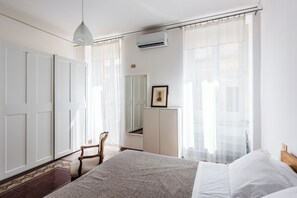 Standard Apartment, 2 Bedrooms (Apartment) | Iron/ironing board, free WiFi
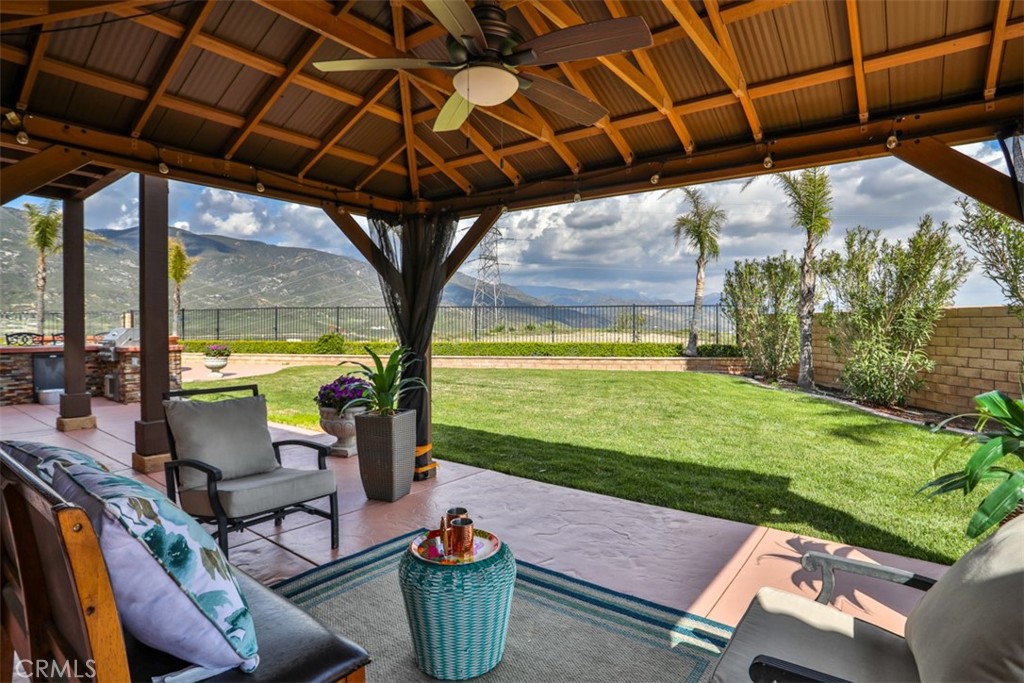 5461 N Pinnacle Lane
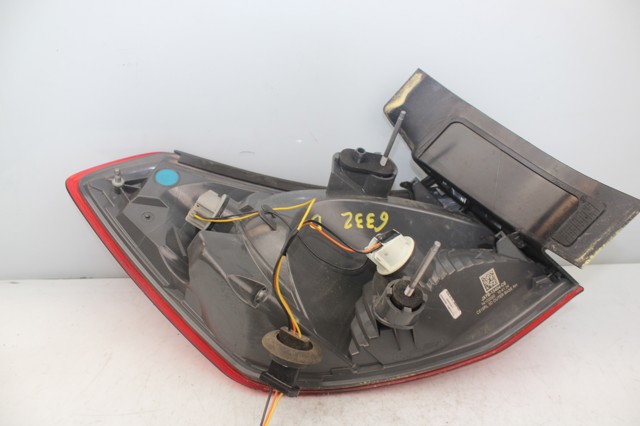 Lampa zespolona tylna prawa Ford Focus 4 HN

### Assigned task
Word for word, retype the material above without its pictures.

### Task response
 Standard Apartment, 2 Bedrooms (Apartment) | Iron/ironing board, free WiFi
 5461 N Pinnacle Lane
 Lampa zespolona tylna prawa Ford Focus 4 HN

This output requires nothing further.